*** Opening Given information ***
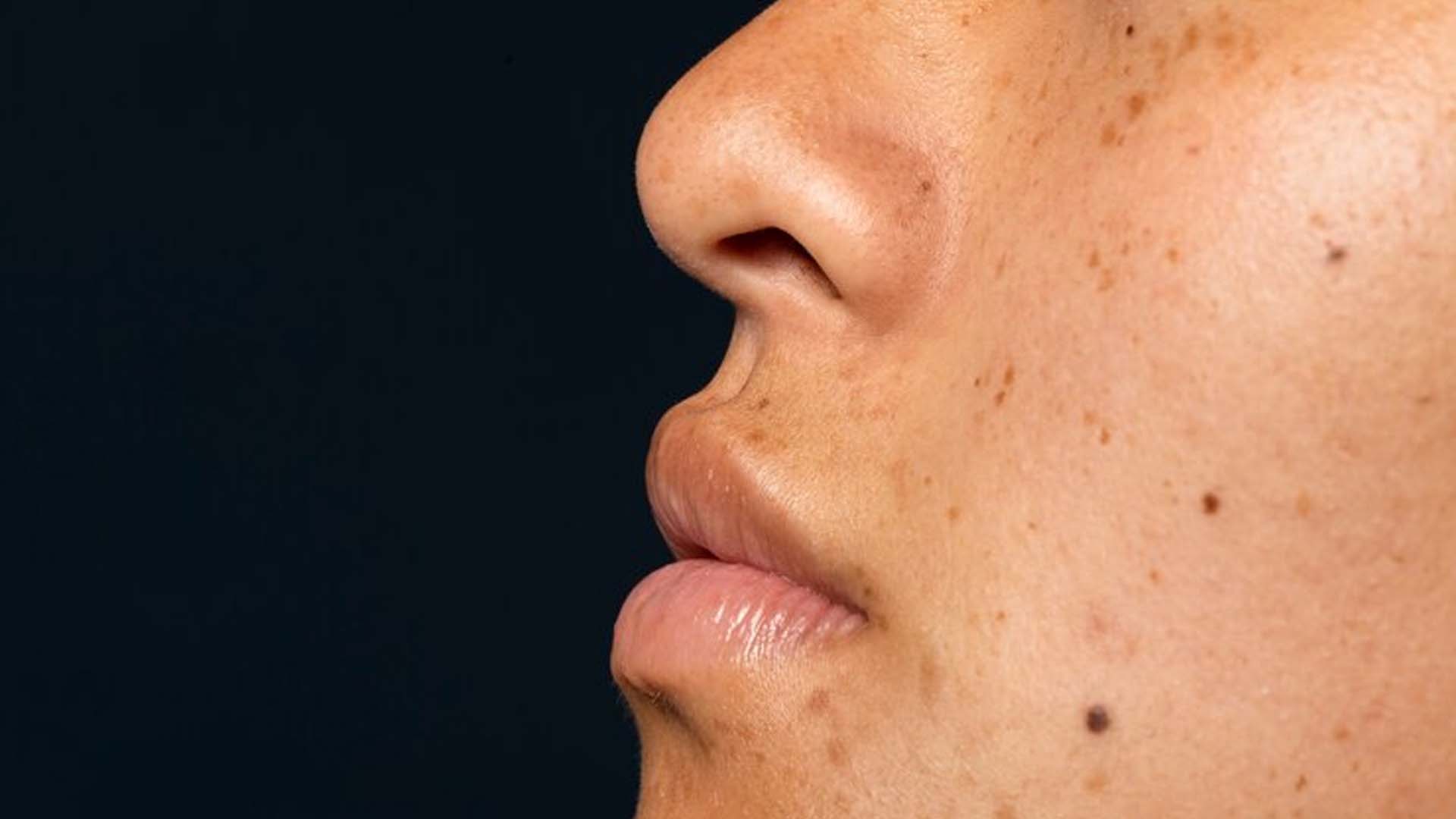 Dark spots or hyperpigmentation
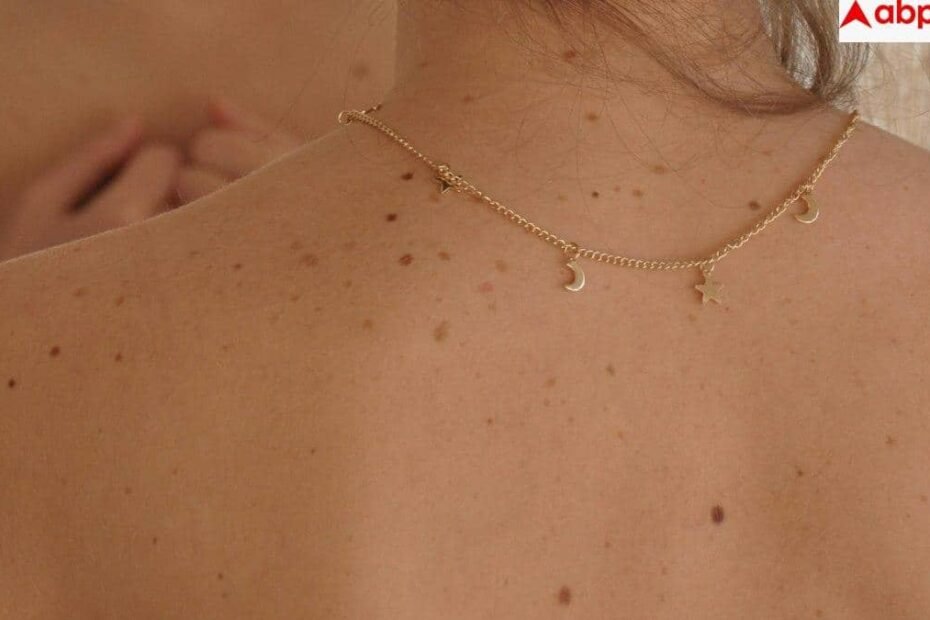 psoriasis-symptoms:-क्या-सच-में-नहीं-होता-सोराइसिस-का-कोई-इलाज,-जानें-कितनी-खतरनाक-है-यह-बीमारी?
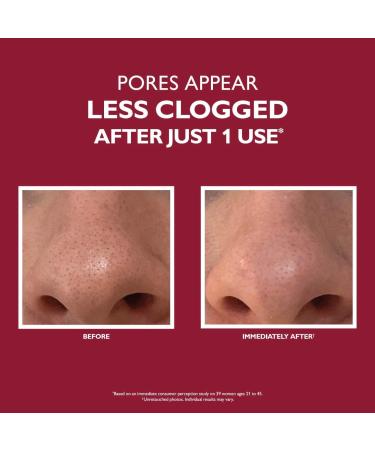 Shop Peter Thomas Roth Even Smoother Microdermabrasion Exfoliating Pore Purifier - 1.7 oz / 50 mL Online - Best Price & International Shipping - Buy Online on SooperMarket.com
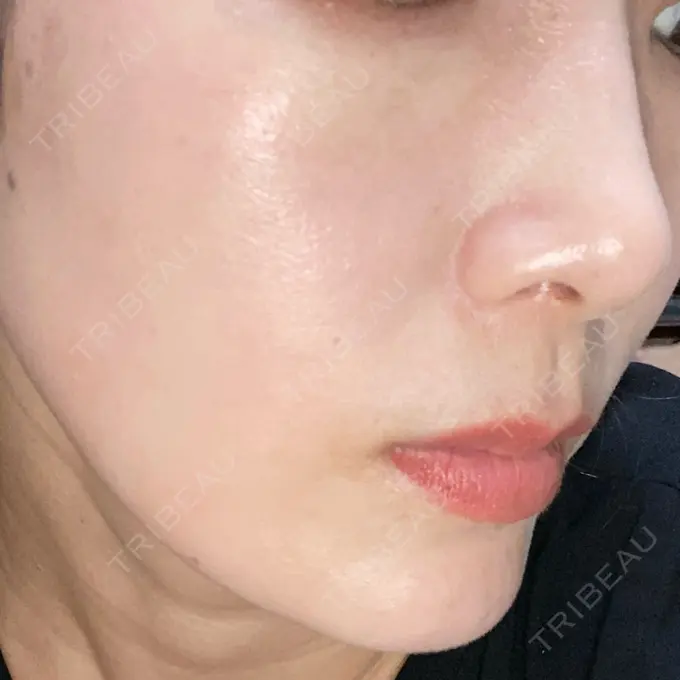 水光注射（ハリ・美肌） オラクル美容皮膚科 名古屋院 DAY 13 メイン用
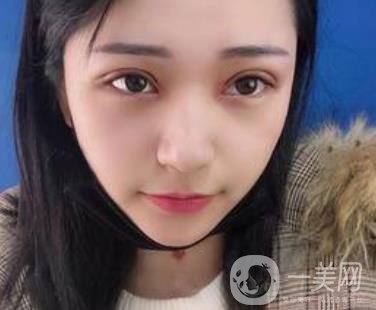 恩施州中心醫(yī)院美容整形科怎么樣？?jī)r(jià)格表和雙眼皮整形經(jīng)歷分享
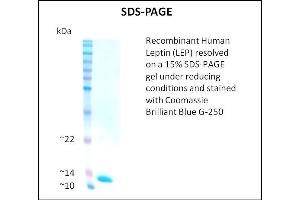 SDS-PAGE (SDS) image for Leptin (LEP) (Active) protein (ABIN5509495)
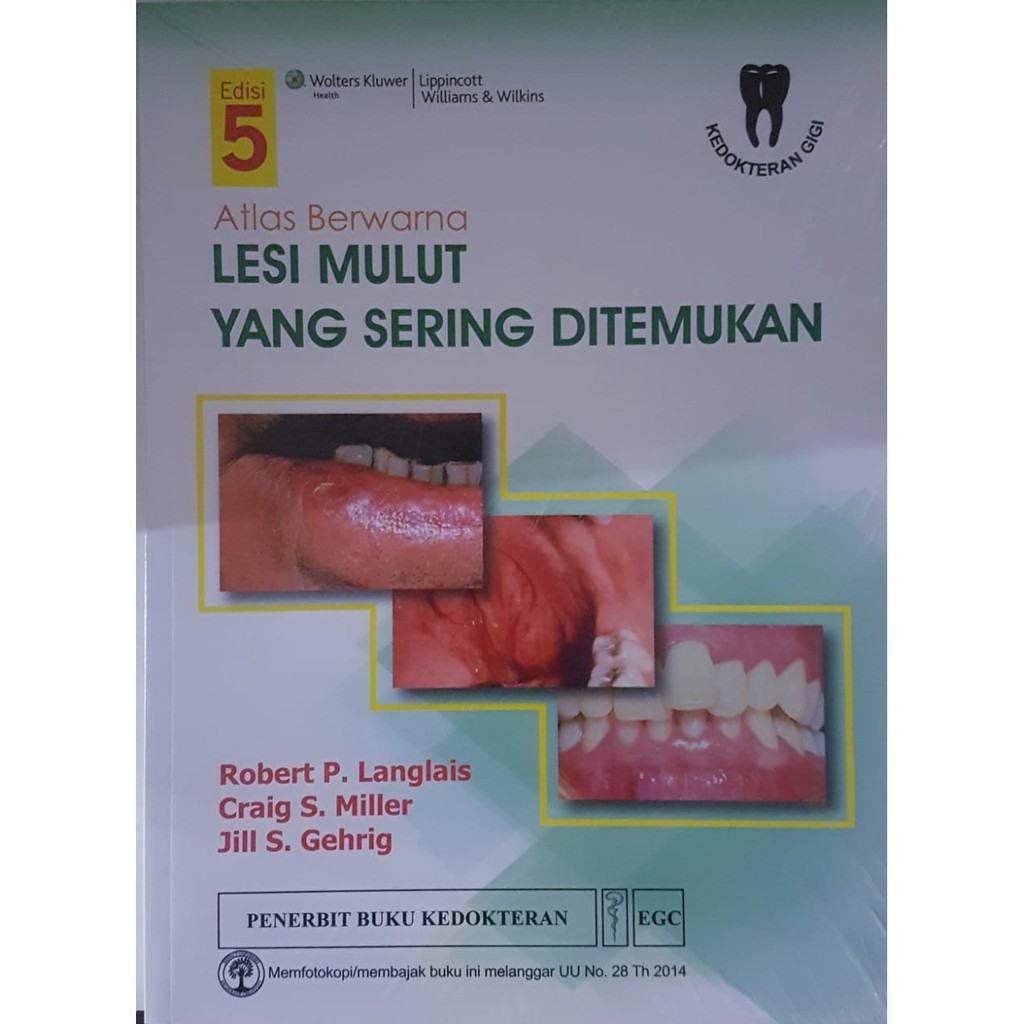 [ ORIGINAL ] Atlas Berwarna Lesi Mulut Yang Sering Ditemukan Edisi 5 - Langlais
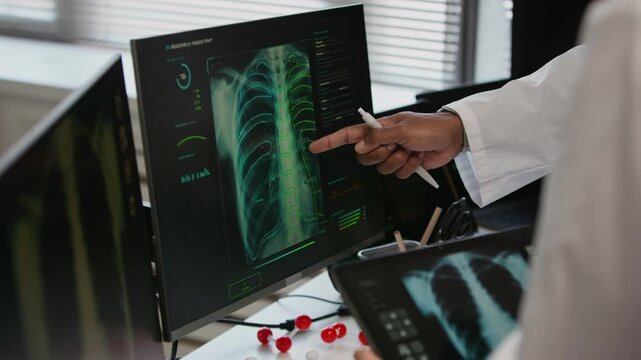 Cropped shot of hands of unrecognizable doctors analyzing chest x rays with artificial intelligence diagnostic support on digital devices in clinic
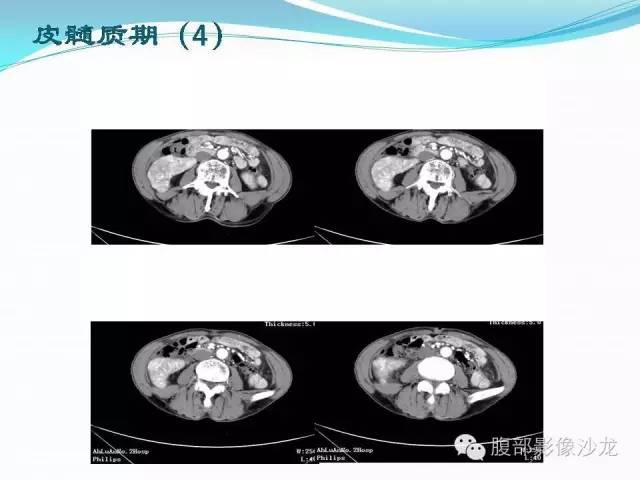 【病例】右肾血管平滑肌脂肪瘤1例CT影像表现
*** Closing Given information ***
Aim of the task: Exactly the lines starting at the one above with "恩施州中心醫(yī)院美容整" and ending at the one with "[ ORIGINAL ]" should be printed, and nothing else. Omit the pictures.

Solution:
 恩施州中心醫(yī)院美容整形科怎么樣？?jī)r(jià)格表和雙眼皮整形經(jīng)歷分享
 SDS-PAGE (SDS) image for Leptin (LEP) (Active) protein (ABIN5509495)
 [ ORIGINAL ] Atlas Berwarna Lesi Mulut Yang Sering Ditemukan Edisi 5 - Langlais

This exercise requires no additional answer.